# Comparison Test

## Theorem

Let $\ds \sum_{n \mathop = 1}^\infty b_n$ be a convergent series of positive real numbers.

Let $\sequence {a_n}$ be a sequence $\R$ or sequence in $\C$.

Let $\forall n \in \N_{>0}: \cmod {a_n} \le b_n$.

Then the series $\ds \sum_{n \mathop = 1}^\infty a_n$ converges absolutely.

### Corollary

Let $\ds \sum_{n \mathop = 1}^\infty b_n$ be a convergent series of positive real numbers.

Let $\sequence {a_n}$ be a sequence in $\R$ or a sequence in $\C$.

Let $H \in \R$.

Let $\exists M: \forall n > M: \size {a_n} \le H b_n$.

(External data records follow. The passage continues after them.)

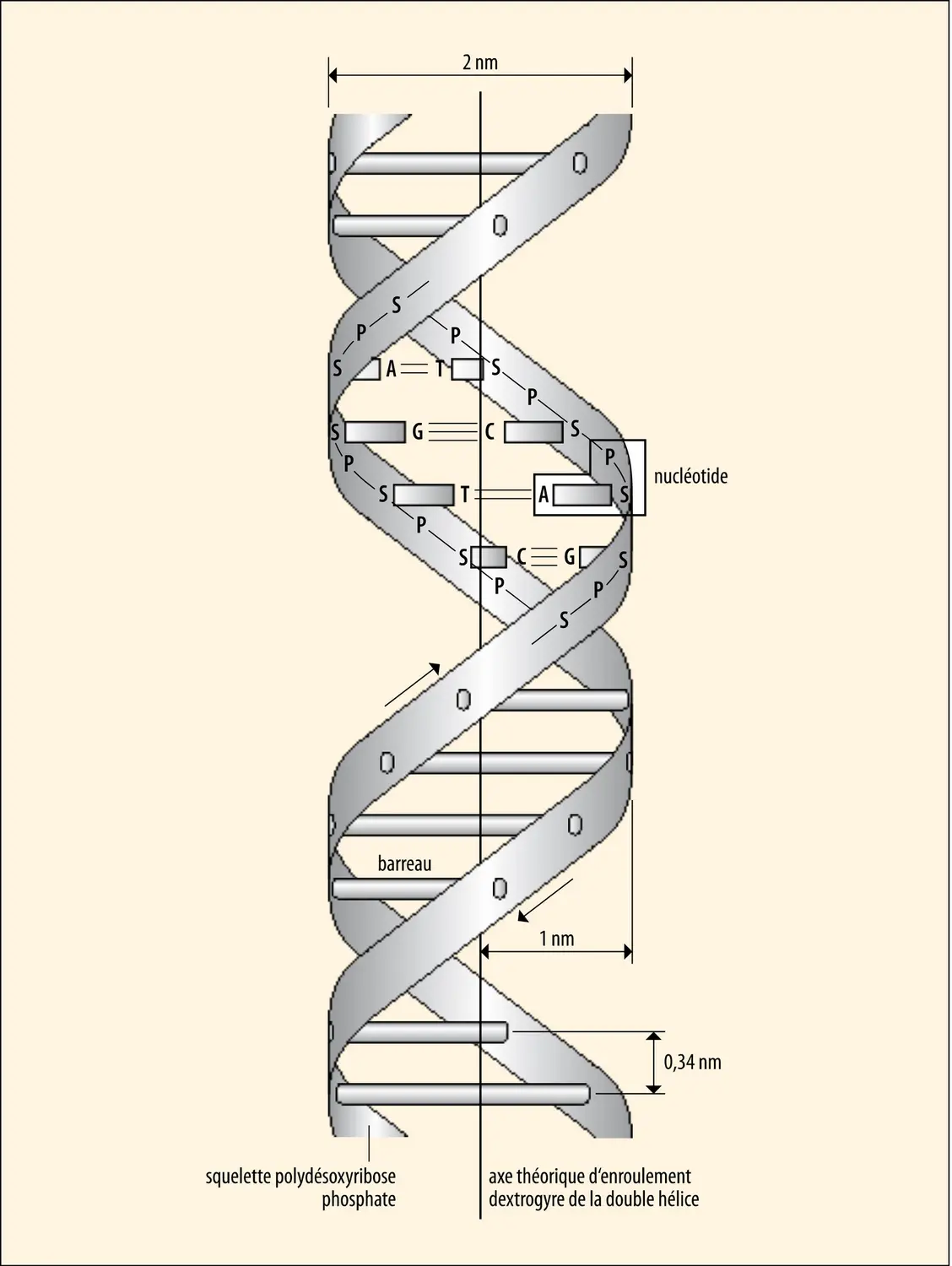 Structure en double hélice de l'ADN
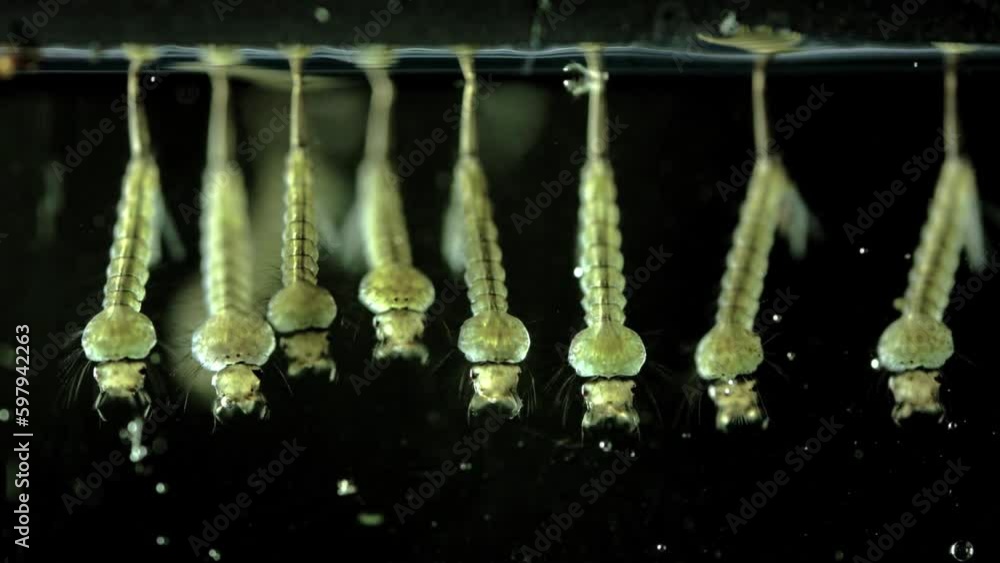 Mosquito larva in water new hatch baby born disease Dengue fever larvae ...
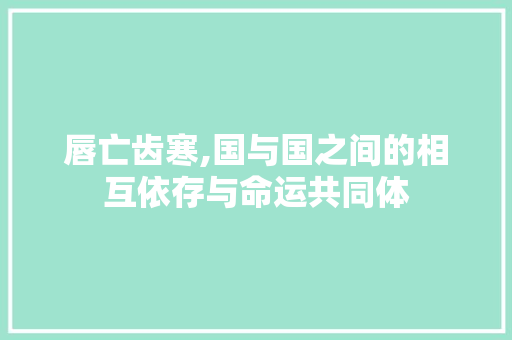 唇亡齿寒,国与国之间的相互依存与命运共同体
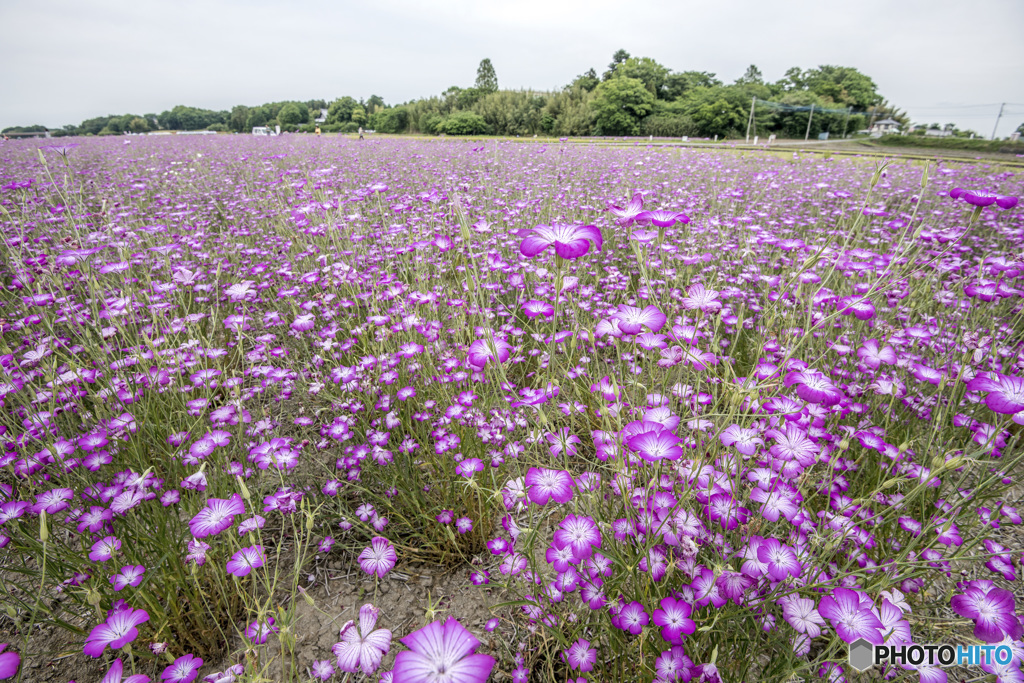 麦なでしこ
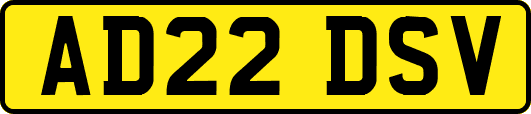 AD22DSV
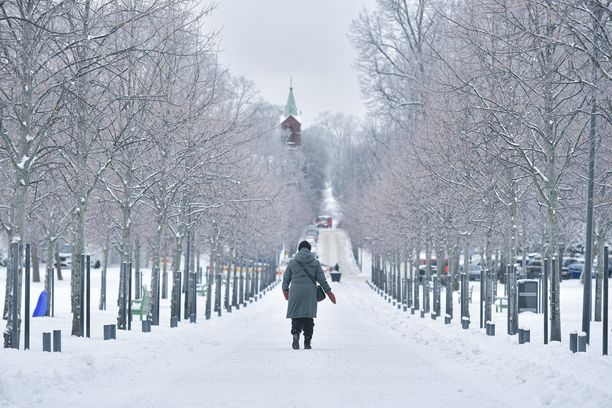 Marraskuun viimeisen viikon sää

Then the series $\ds \sum_{n \mathop = 1}^\infty a_n$ converges.

## Proof

Let $\epsilon > 0$.

As $\ds \sum_{n \mathop = 1}^\infty b_n$ converges, its tail tends to zero.

So:

$\ds \exists N: \forall n > N: \sum_{k \mathop = n + 1}^\infty b_k < \epsilon$

Let $\sequence {s_n}$ be the sequence of partial sums of $\ds \sum_{n \mathop = 1}^\infty a_n$.

Then $\forall n > m > N$:

 $\ds \cmod {s_n - s_m}$ $=$ $\ds \cmod {\paren {a_1 + a_2 + \cdots + a_n} - \paren {a_1 + a_2 + \cdots + a_m} }$ $\ds$ $=$ $\ds \cmod {a_{m + 1} + a_{m + 2} + \cdots + a_n}$ Indexed Summation over Adjacent Intervals $\ds$ $\le$ $\ds \cmod {a_{m + 1} } + \cmod {a_{m + 2} } + \cdots + \cmod {a_n}$ Triangle Inequality for Indexed Summations $\ds$ $\le$ $\ds b_{m + 1} + b_{m + 2} + \cdots + b_n$ $\ds$ $\le$ $\ds \sum_{k \mathop = n + 1}^\infty b_k$ $\ds$ $<$ $\ds \epsilon$

So $\sequence {s_n}$ is a Cauchy sequence.

The result follows from Real Number Line is Complete Metric Space or Complex Plane is Complete Metric Space.

$\blacksquare$